**Requirement**
Retype the whole listing verbatim and keep the pictures out of it.

**Raw data**
**********

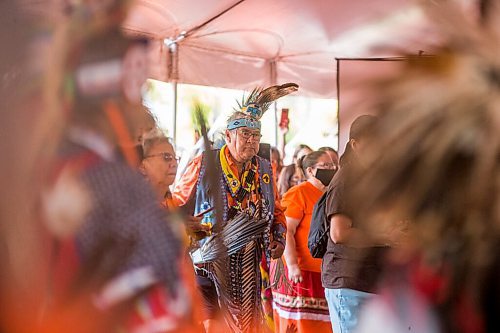 MIKAELA MACKENZIE / WINNIPEG FREE PRESS

Residential school survivor Circling Brown Thunderbird (Dan Sutherland) dances as he is recognized with others in an honour song at a Pow Wow at St. John's Park on the first National Day for Truth and Reconciliation in Winnipeg on Thursday, Sept. 30, 2021. For --- story.
Winnipeg Free Press 2021.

**********

**Reply**
 MIKAELA MACKENZIE / WINNIPEG FREE PRESS

Residential school survivor Circling Brown Thunderbird (Dan Sutherland) dances as he is recognized with others in an honour song at a Pow Wow at St. John's Park on the first National Day for Truth and Reconciliation in Winnipeg on Thursday, Sept. 30, 2021. For --- story.
Winnipeg Free Press 2021.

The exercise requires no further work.